> **Assignment**
Starting at the line that contains "It's a really" and stopping at the line that contains "So today we", restate each line of the records below exactly. Omit the pictures.

> **Records for the task**
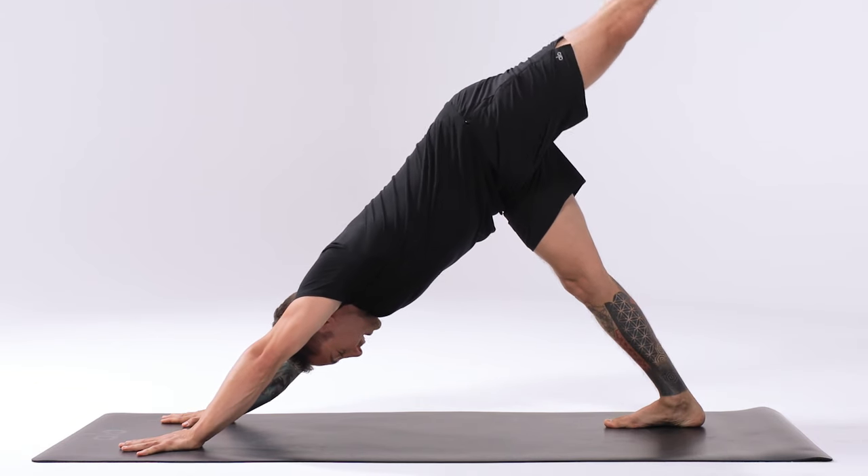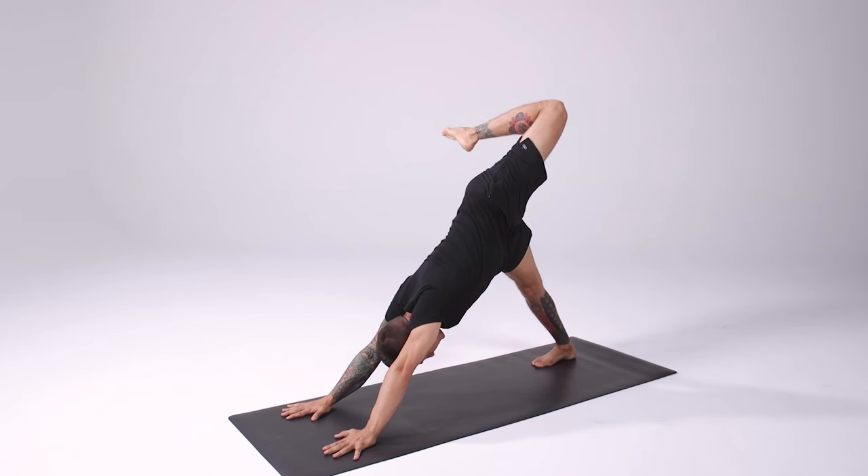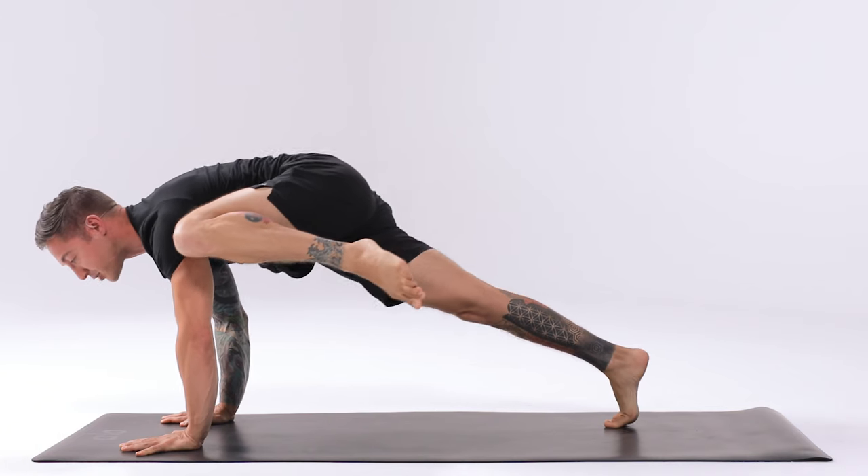Elevate the left leg up to the sky, press out through the left leg, bend the knee, open the hip. Shift forward, bend the arms, slowly connect the inner left thigh to the outer edge of the left tricep.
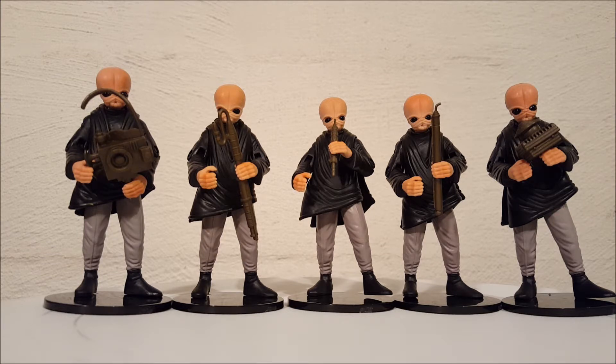One of these characters also appeared in the remastered special edition of Return of the Jedi, though I'm not totally sure if it was one of the same guys or just the same species. I wanted to give everyone a good look at these figures so they can check them out for themselves.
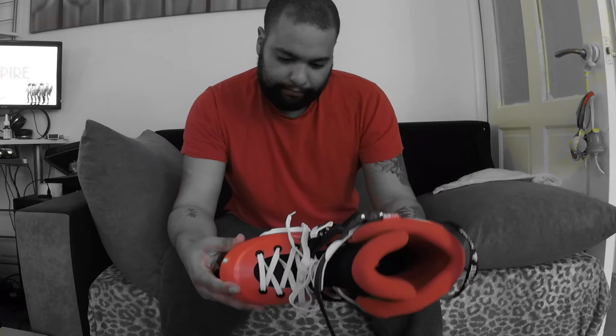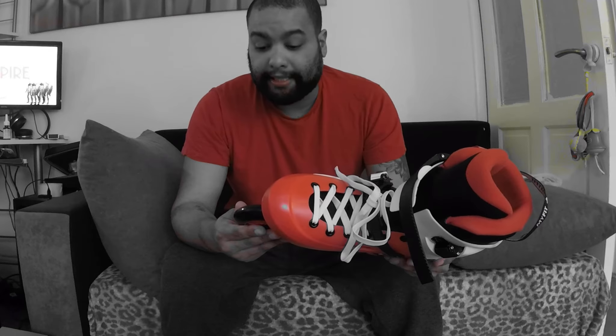It comes with Powerslide 100mm 86A Hurricane wheels, and they are perfect — really good. You can put this boot in an oven, but go to Powerslide's website and research it first, because I've seen videos of people taking off the frame and putting it in the oven. Just do your research — I was going to do it but didn't have to.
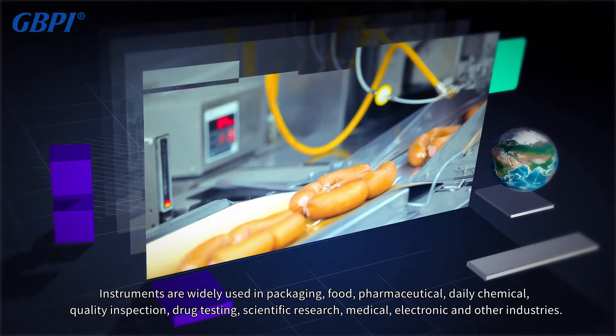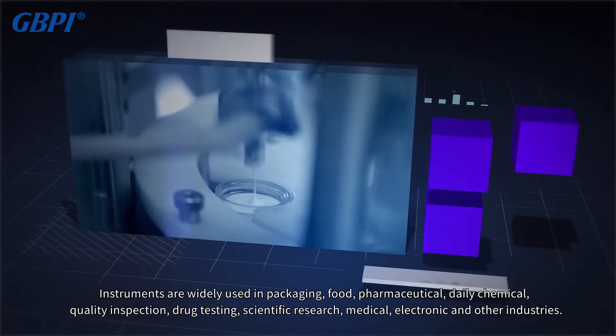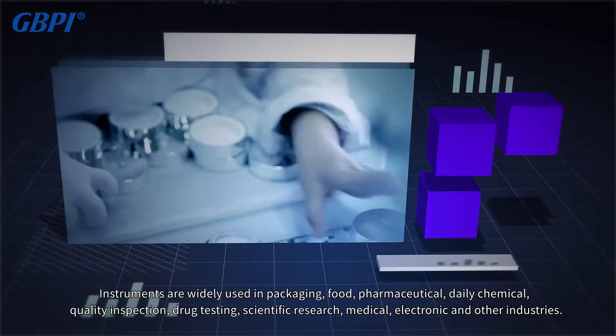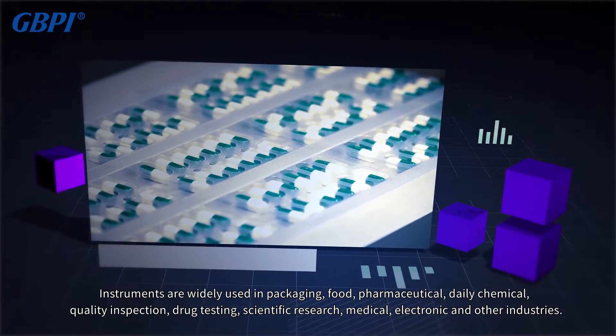The instruments are widely used in packaging, food, pharmaceutical, daily chemical, quality inspection, drug testing, scientific research, medical, electronic, and other industries.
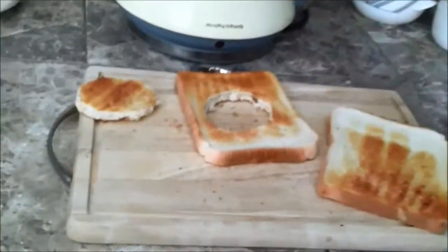So first off we are toasting the bread — lovely toast. It's pretty simple and pretty nice. So once your toaster's done, you want to cut them both into holes like this.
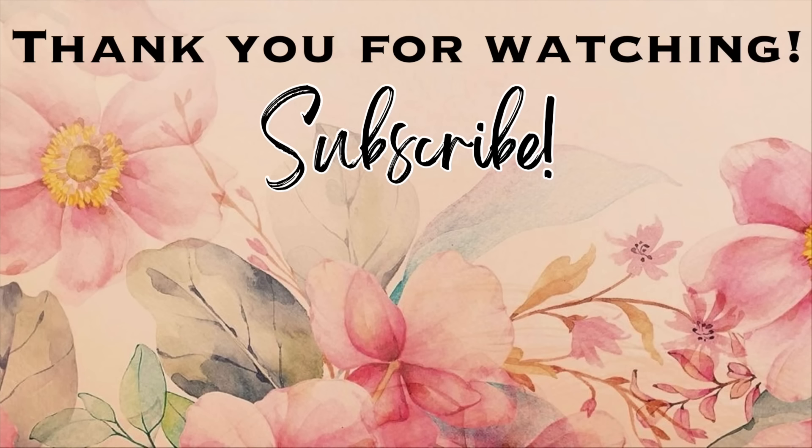That is going to be it for this video. Thank you so much for watching — I hope you enjoyed. Please give this video a thumbs up, don't forget to subscribe if you haven't already, click the notification bell so you won't miss any upcoming videos, and let's keep the party going by clicking on one of these videos on the screen. I will see you in the next one — bye!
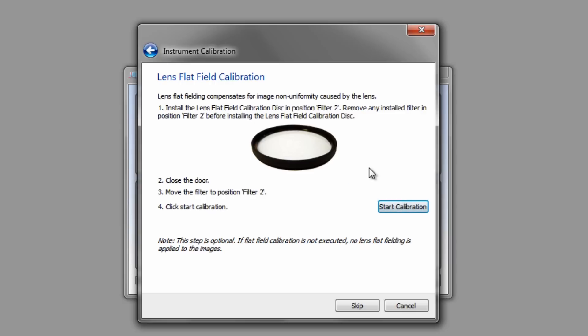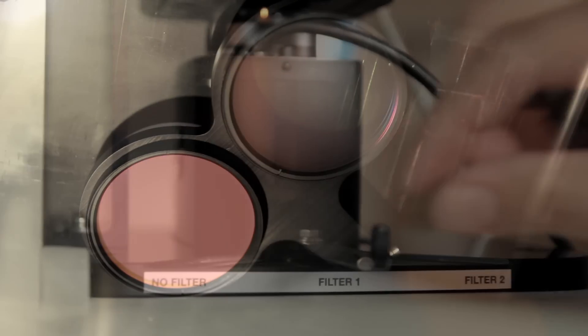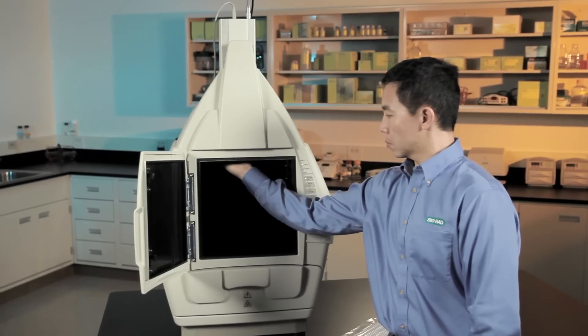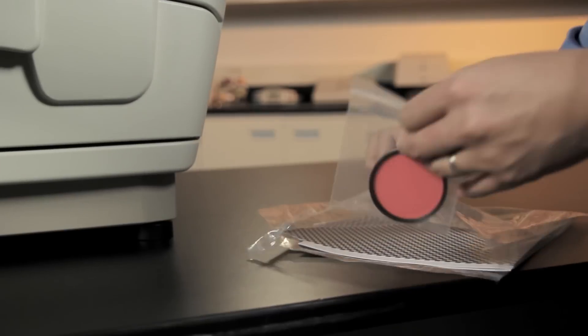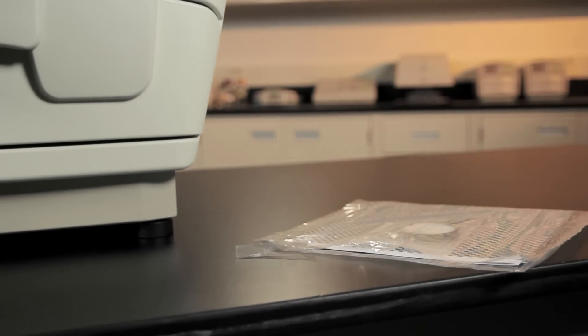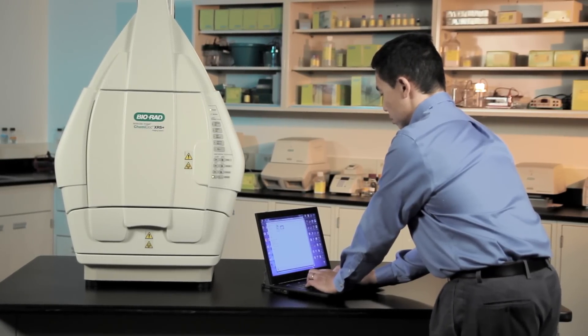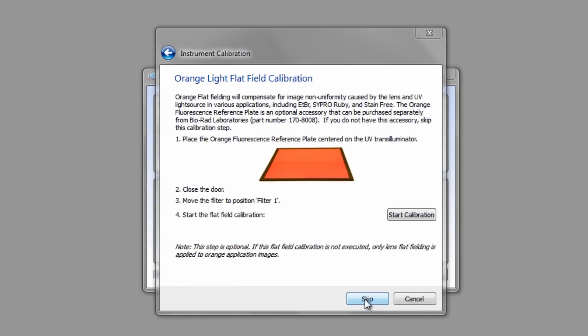Remove the screen after calibration when prompted and acquire the bias value correction. Next, we will flat field the lens to correct for any non-uniformity inherent in the lens. Find the flat fielding disc from the installation kit and screw it into the empty position on the filter holder. Move the filter to position two and start flat fielding calibration. Once calibration is complete, remove the disc and store it with the focus target in the installation kit. Keep the installation kit near the imager for future calibrations if the ChemiDoc XRS Plus is moved to a different computer. If you have the optional white light conversion screen or the orange fluorescent reference plate, follow the on-screen instructions to carry out the illumination flat fielding. If not, you can skip these steps.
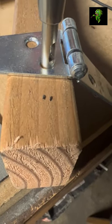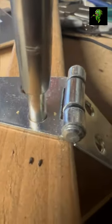Here it is — it's awkward with one hand and the hinge just laying there, but you'll figure it out. You can almost see that the pilot hole is in the center of the hinge hole.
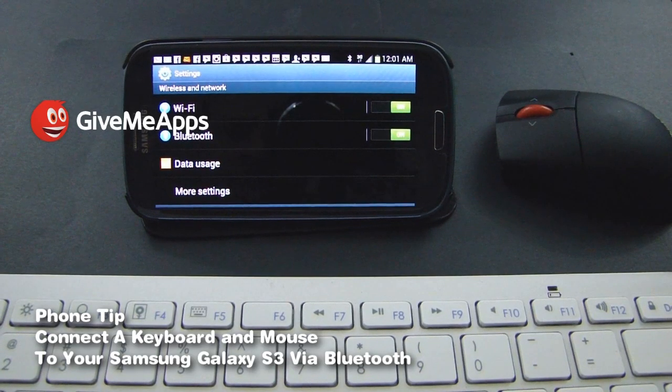Welcome to GiveMeApps, the world's number one independent app store. Today's subject is connecting a Bluetooth mouse and a Bluetooth keyboard to your Samsung Galaxy S3.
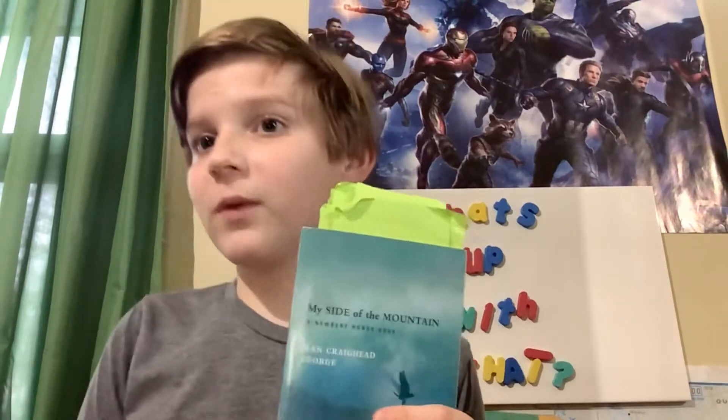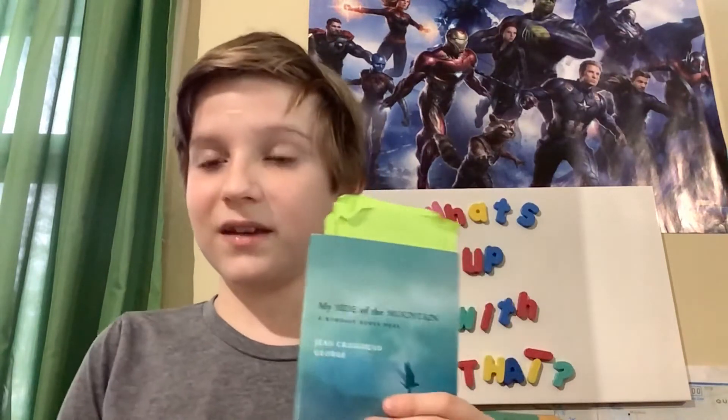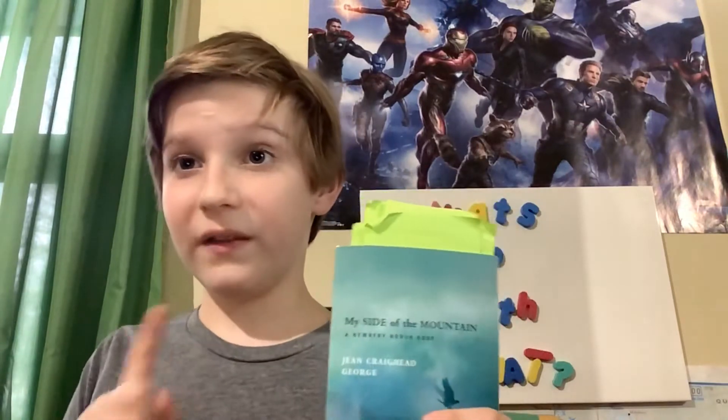It's a really good read if you're into nature, or like how-to, step-by-step things, because it has some interesting things in there — and more on that later. Right now let's jump into the story.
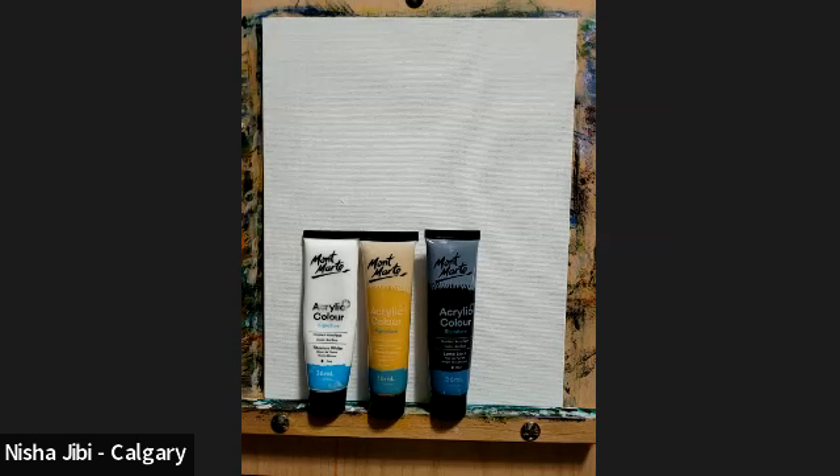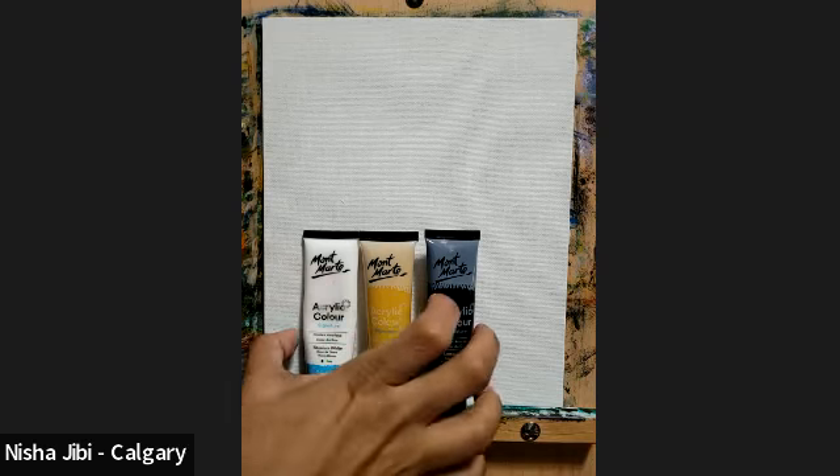So today we have a very simple tutorial — cotton flowers — just three colors, nothing more, done by Murray Art. She's very very good. If you really want to learn and do paintings by yourself, you could check her YouTube videos. I prefer those kinds of videos which are really easy to do and get done fast. So let's begin — let me go through the colors.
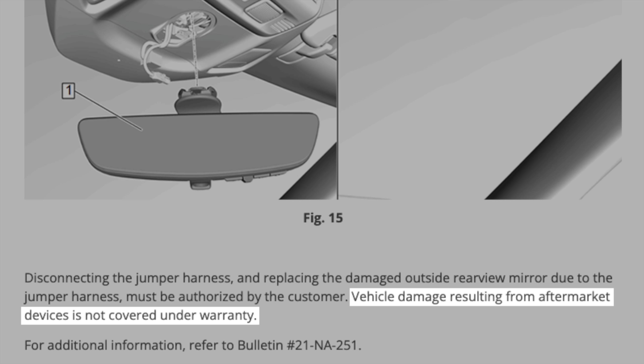Additionally, if you wanted to avoid this issue altogether, instead of using a mirror tap and plugging into your powered rear view mirror, you could always just run a traditional hard wire cable and plug it into a fuse box somewhere. It's a little bit more work, but that could be another option as well.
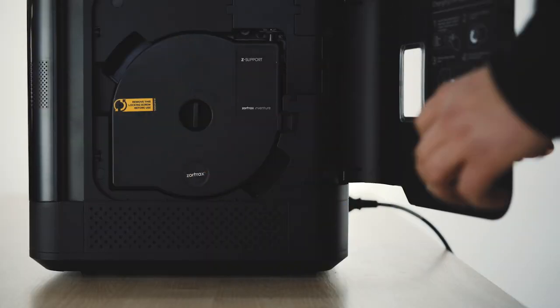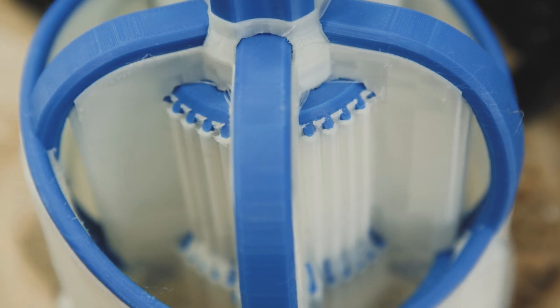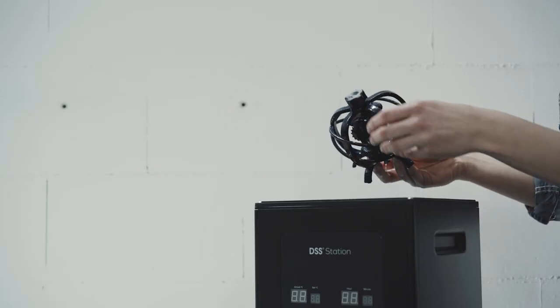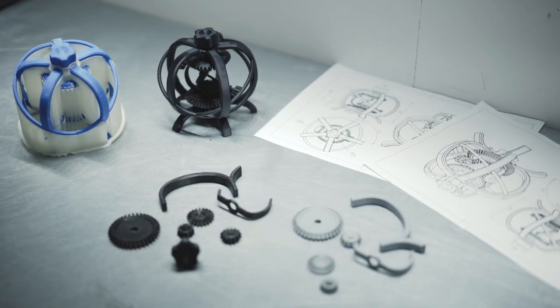Separate water-soluble support material can be removed from between closely interlocked parts in the Zortrax DSS station, leaving you with support-free functional mechanisms.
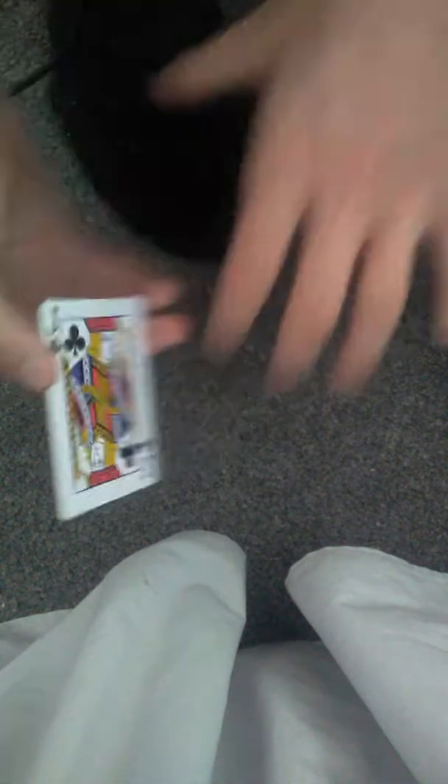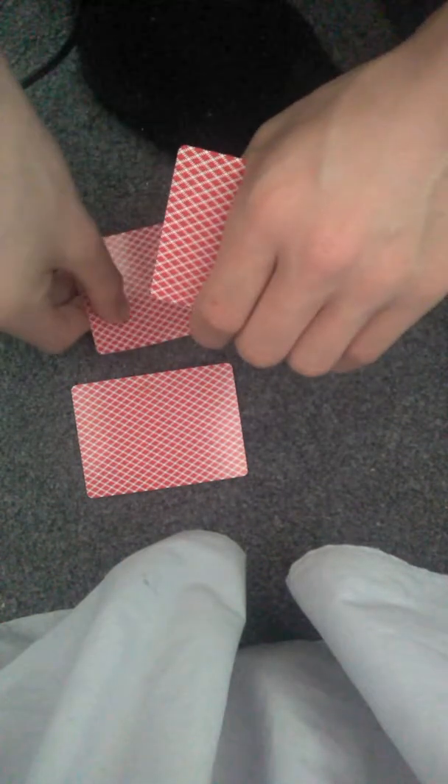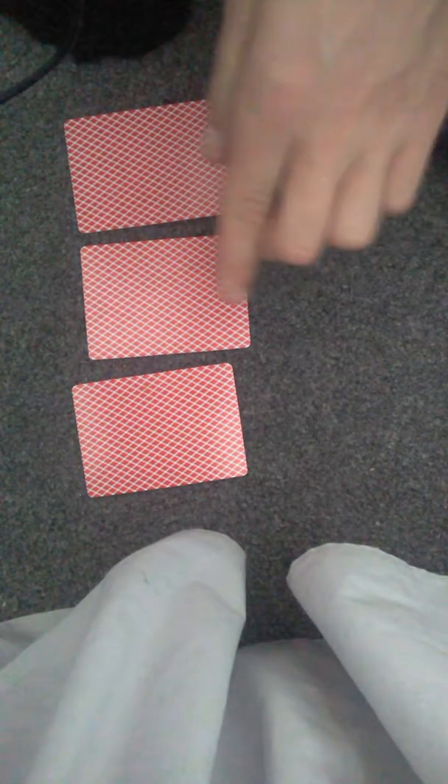So the eight of diamonds — you need to follow the eight of diamonds. I haven't done anything because I'm still here. I'm going to take the cards down one by one, so there's one, there's two, and there's three. You guys need to follow the eight — where do you think the eight is? Where do you think it is?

> **Result**
It's a really good read if you're into nature, or like how-to, step-by-step things, because it has some interesting things in there — and more on that later. Right now let's jump into the story.
So today we have a very simple tutorial — cotton flowers — just three colors, nothing more, done by Murray Art. She's very very good. If you really want to learn and do paintings by yourself, you could check her YouTube videos. I prefer those kinds of videos which are really easy to do and get done fast. So let's begin — let me go through the colors.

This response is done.